### WORK INSTRUCTIONS
Copy out the listing exactly.
◆ ◆ ◆ ◆
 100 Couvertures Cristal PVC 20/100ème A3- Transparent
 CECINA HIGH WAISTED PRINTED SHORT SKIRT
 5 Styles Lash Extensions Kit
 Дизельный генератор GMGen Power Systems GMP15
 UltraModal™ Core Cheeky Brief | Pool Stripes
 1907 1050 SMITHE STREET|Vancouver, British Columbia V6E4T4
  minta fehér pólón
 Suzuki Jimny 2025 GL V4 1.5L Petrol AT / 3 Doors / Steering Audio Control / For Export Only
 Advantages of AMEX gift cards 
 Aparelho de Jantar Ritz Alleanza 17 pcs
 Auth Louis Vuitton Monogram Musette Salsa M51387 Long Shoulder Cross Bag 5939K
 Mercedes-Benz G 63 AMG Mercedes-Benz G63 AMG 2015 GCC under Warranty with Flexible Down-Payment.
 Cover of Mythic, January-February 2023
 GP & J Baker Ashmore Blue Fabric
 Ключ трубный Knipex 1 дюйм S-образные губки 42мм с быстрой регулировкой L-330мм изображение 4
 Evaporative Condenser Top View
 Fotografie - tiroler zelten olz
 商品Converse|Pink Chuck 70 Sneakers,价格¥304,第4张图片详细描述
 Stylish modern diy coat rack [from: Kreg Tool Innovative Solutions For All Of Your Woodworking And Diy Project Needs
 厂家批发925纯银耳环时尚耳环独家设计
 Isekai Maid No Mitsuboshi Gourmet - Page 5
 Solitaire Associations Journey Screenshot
◆ ◆ ◆ ◆
### YOUR SOLUTION
 100 Couvertures Cristal PVC 20/100ème A3- Transparent
 CECINA HIGH WAISTED PRINTED SHORT SKIRT
 5 Styles Lash Extensions Kit
 Дизельный генератор GMGen Power Systems GMP15
 UltraModal™ Core Cheeky Brief | Pool Stripes
 1907 1050 SMITHE STREET|Vancouver, British Columbia V6E4T4
  minta fehér pólón
 Suzuki Jimny 2025 GL V4 1.5L Petrol AT / 3 Doors / Steering Audio Control / For Export Only
 Advantages of AMEX gift cards 
 Aparelho de Jantar Ritz Alleanza 17 pcs
 Auth Louis Vuitton Monogram Musette Salsa M51387 Long Shoulder Cross Bag 5939K
 Mercedes-Benz G 63 AMG Mercedes-Benz G63 AMG 2015 GCC under Warranty with Flexible Down-Payment.
 Cover of Mythic, January-February 2023
 GP & J Baker Ashmore Blue Fabric
 Ключ трубный Knipex 1 дюйм S-образные губки 42мм с быстрой регулировкой L-330мм изображение 4
 Evaporative Condenser Top View
 Fotografie - tiroler zelten olz
 商品Converse|Pink Chuck 70 Sneakers,价格¥304,第4张图片详细描述
 Stylish modern diy coat rack [from: Kreg Tool Innovative Solutions For All Of Your Woodworking And Diy Project Needs
 厂家批发925纯银耳环时尚耳环独家设计
 Isekai Maid No Mitsuboshi Gourmet - Page 5
 Solitaire Associations Journey Screenshot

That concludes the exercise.